#1
Hi
i am having a really frustrating problem. does this happen to others or is it just me. i
learn a lick and at first i nail it and can play it even without looking at the frets.
But after few days of practice i mess it up and can't seem to get it right
no matter how hard i try...please tell me if its normal or is it a
problem with me alone.

Thanks
#2
http://www.guitarlearningtips.org/the-guitar-blueprint-to-success/ (it is FREE)

Read chapter 1 and 2 and you will understand what is the solution.

The thing is that you probably practice good according to your opinion, but according to "muscle memory" you are probably doing something wrong.

Ask yourself these questions:

1. When learning the lick are first playing it at slow tempos ?

2. When learning the lick are you COMPLETELY relaxed or you try the lick as fast as you can from start ?

In chapter 2 i give you a powerful technique to help you out with learning licks and making them second nature so that you can play them effortlessly any time.

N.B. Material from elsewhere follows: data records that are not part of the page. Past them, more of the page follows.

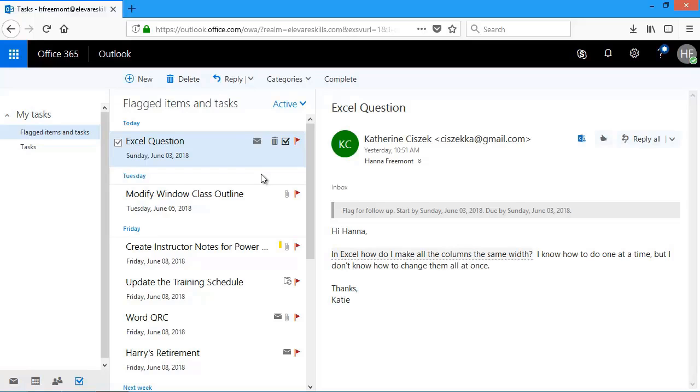So working with the task list, we can change the sorting order. We can filter our task, or we delete any task as needed. Thanks for watching, and I hope you enjoyed this task series.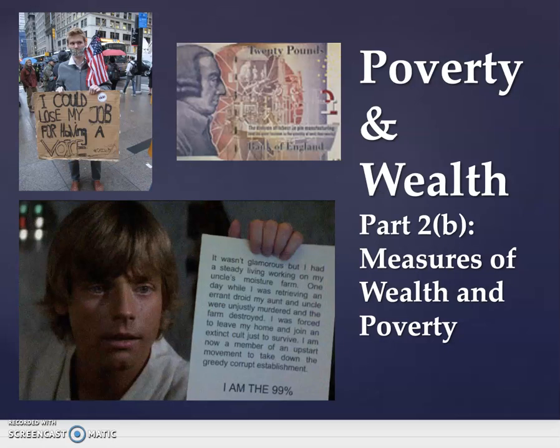Hi everyone and welcome back to our series of screencasts for Anthropology and World Problems, being offered at Commonwealth University of Pennsylvania. In this particular screencast I'll be going into Part 2B: Measures of Wealth and Poverty, picking up where we left off.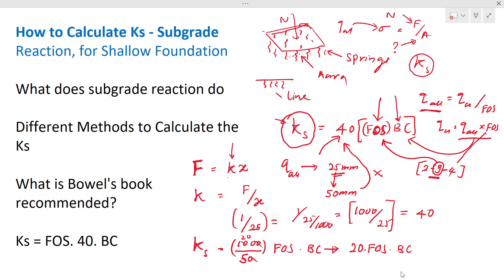With that, let's conclude today's discussion. We discussed subgrade reaction, how it is applied in foundation modeling, and the method of calculating it based on the settlement of the foundation. Thank you very much for watching. We'll meet again in a new video.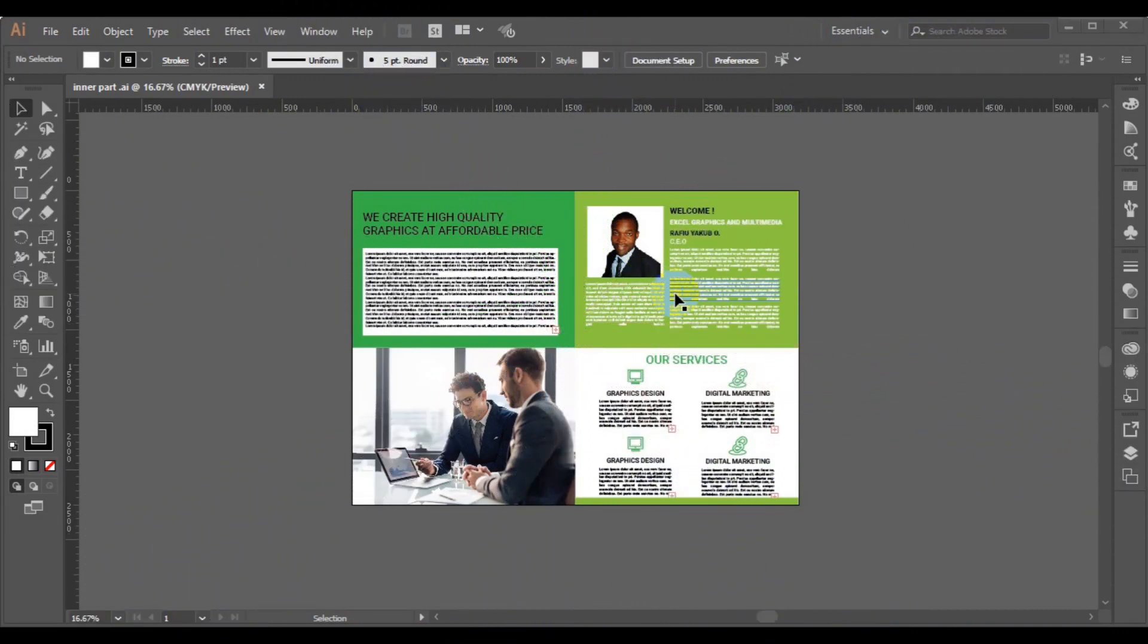Welcome back guys. This is my company profile design in Adobe Photoshop.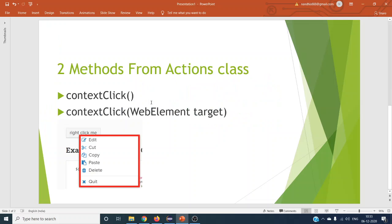Selenium does not provide methods directly for right click, but Selenium provides the Actions class using which we can do right click on a web application. The first method it provides is contextClick() without any parameter. The second one is contextClick() with a web element as the target — the web element on which we are doing the right click.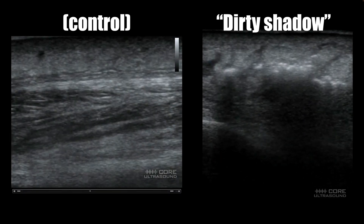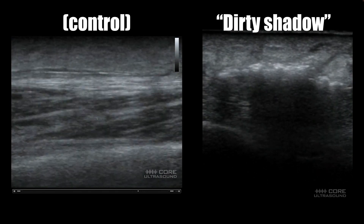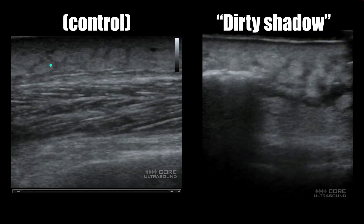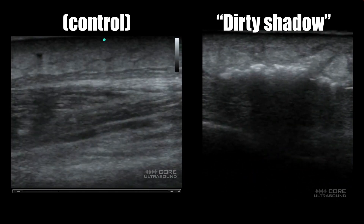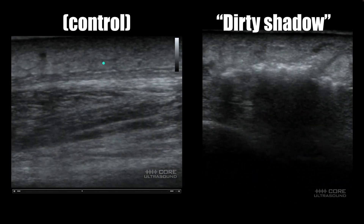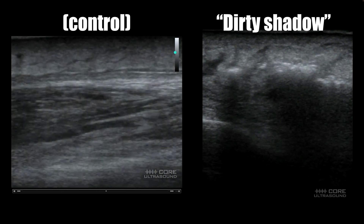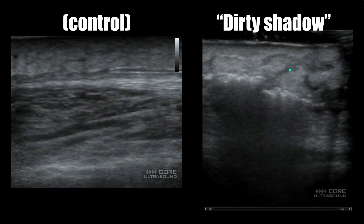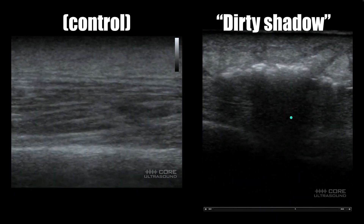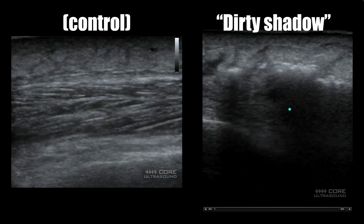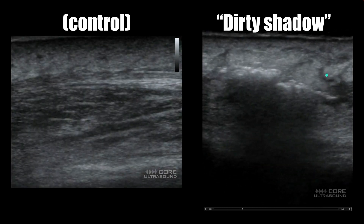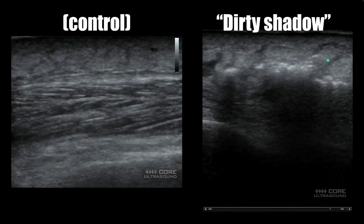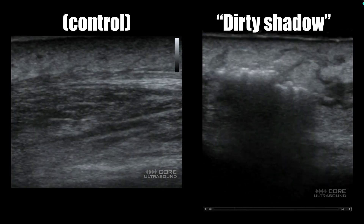Here is a clinical scenario in which identifying the dirty shadow is important. We have some soft tissue with a little bit of edema through it, and over here we're seeing little hyperechoic flecks with gray shadowing deep to them. This is a necrotizing soft tissue infection.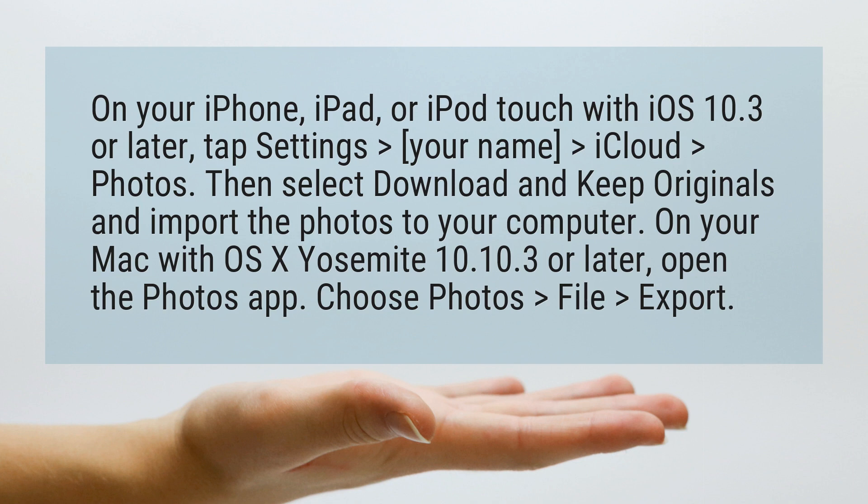On your Mac with OS X Yosemite 10.10.3 or later, open the Photos app. Choose Photos, File, Export.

Warning: It takes time to play effortlessly and probably more important, it takes you a good learning approach in order to achieve effortlessly mastery.

Good luck
#3
Make sure you arent using muscle memory (I dislike using it outside of alt picking technique) There are some riffs that I have known and played for a long time and using muscle memory I just tend to **** them up alot more often then not.

-my 2c
#4
Quote by SGen
Make sure you arent using muscle memory (I dislike using it outside of alt picking technique) There are some riffs that I have known and played for a long time and using muscle memory I just tend to **** them up alot more often then not.

-my 2c


If you're screwing them up from muscle memory you never knew them in the first place; doing it that way is the only reasonable way of getting any kind of pace in your playing.
R.I.P. My Signature. Lost to us in the great Signature Massacre of 2014.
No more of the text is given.